Information supplied START

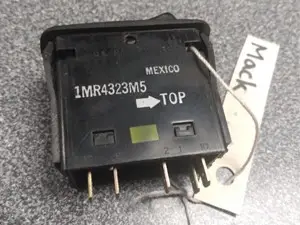 Used Mack Interior Misc Part Image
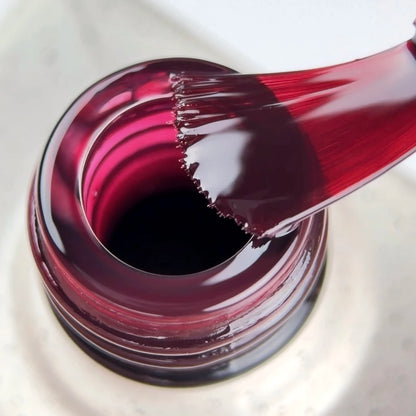 NAILSOFTHEDAY Color of the Month Octubre 2026 Terroir — gel polish efecto vitral en tono vino profundo, 10 ml №3
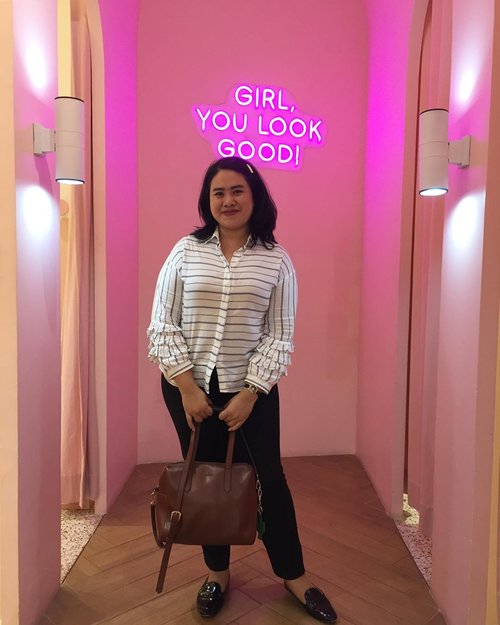 I rarely post #ootd photo, I’m not that stylish. But this is exceptional, I was at @cottonink’s iconic fitting room and I didn’t want miss a chance to snap a pict while it wasn’t crowded. Dolled up with local brands, from head to toe on working day ✨
.
.
.
#youxcottonink #clozetteid #cottonink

Information supplied END

> Exercise description
Each entry above must come back exactly as written. Drop the images.

> Response to the exercise
 Used Mack Interior Misc Part Image
 NAILSOFTHEDAY Color of the Month Octubre 2026 Terroir — gel polish efecto vitral en tono vino profundo, 10 ml №3
 I rarely post #ootd photo, I’m not that stylish. But this is exceptional, I was at @cottonink’s iconic fitting room and I didn’t want miss a chance to snap a pict while it wasn’t crowded. Dolled up with local brands, from head to toe on working day ✨
.
.
.
#youxcottonink #clozetteid #cottonink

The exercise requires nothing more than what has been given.